*** Exercise inputs Section Begins ***

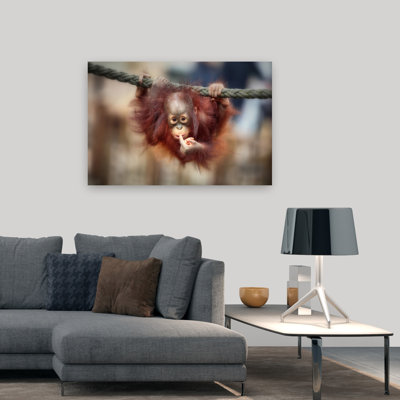 «Curious Baby Orangutan Playful Contemporary Singe Animal Forest», reproduction d'art murale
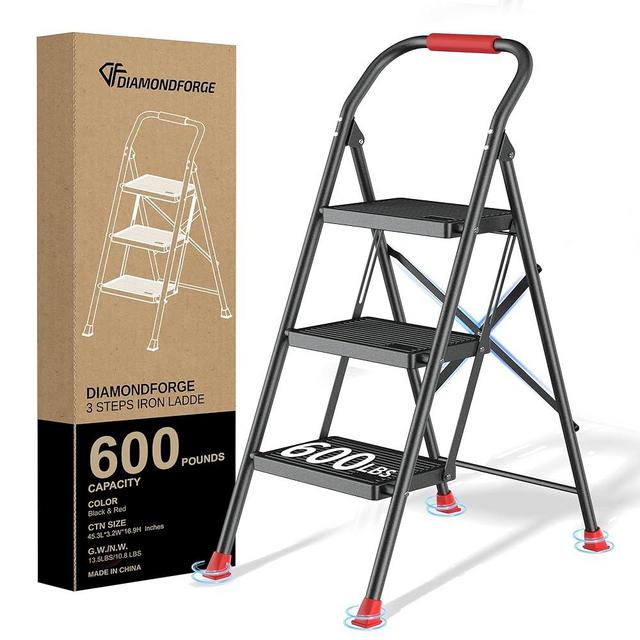 Step Ladder Foldable Folding Stool - for Home Adults Kitchen 3 Stepping Extension Tall Heavy Duty with Handrails - Closet Stepstool Stair Ladders Extendable Stepladder for Indoor House 600Lbs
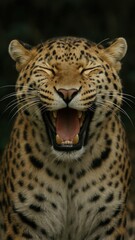 Fototapeta premium Leopard roaring in natural habitat.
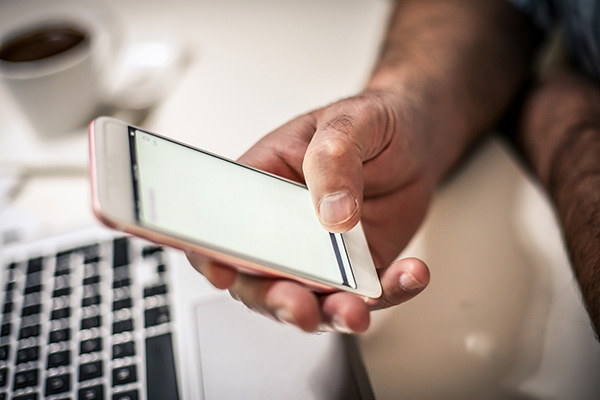 image of patient receiving a text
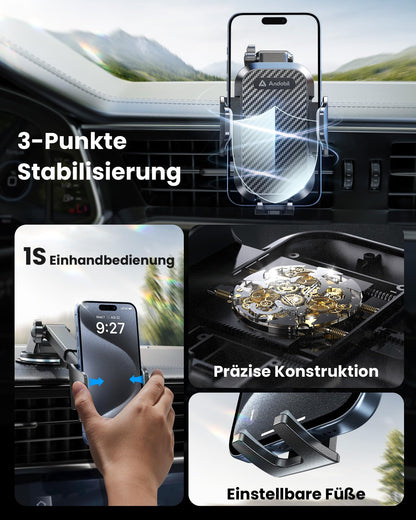 andobil Car Phone Holder [2025 Latest Suction Cup] 3 in 1 Suction Cup & Vent Holder Universal Car Mount Accessory for iPhone 17 Pro Max Air 16/15/14/13/12 Samsung Galaxy S24 Ultra/S23/S22, etc.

*** Exercise inputs Section Ends ***

### [What is expected]
Where the line with "Step Ladder Foldable" appears, begin there and transcribe exactly through the last line of the data, leaving all pictures aside.

### [Solution to the exercise]
 Step Ladder Foldable Folding Stool - for Home Adults Kitchen 3 Stepping Extension Tall Heavy Duty with Handrails - Closet Stepstool Stair Ladders Extendable Stepladder for Indoor House 600Lbs
 Fototapeta premium Leopard roaring in natural habitat.
 image of patient receiving a text
 andobil Car Phone Holder [2025 Latest Suction Cup] 3 in 1 Suction Cup & Vent Holder Universal Car Mount Accessory for iPhone 17 Pro Max Air 16/15/14/13/12 Samsung Galaxy S24 Ultra/S23/S22, etc.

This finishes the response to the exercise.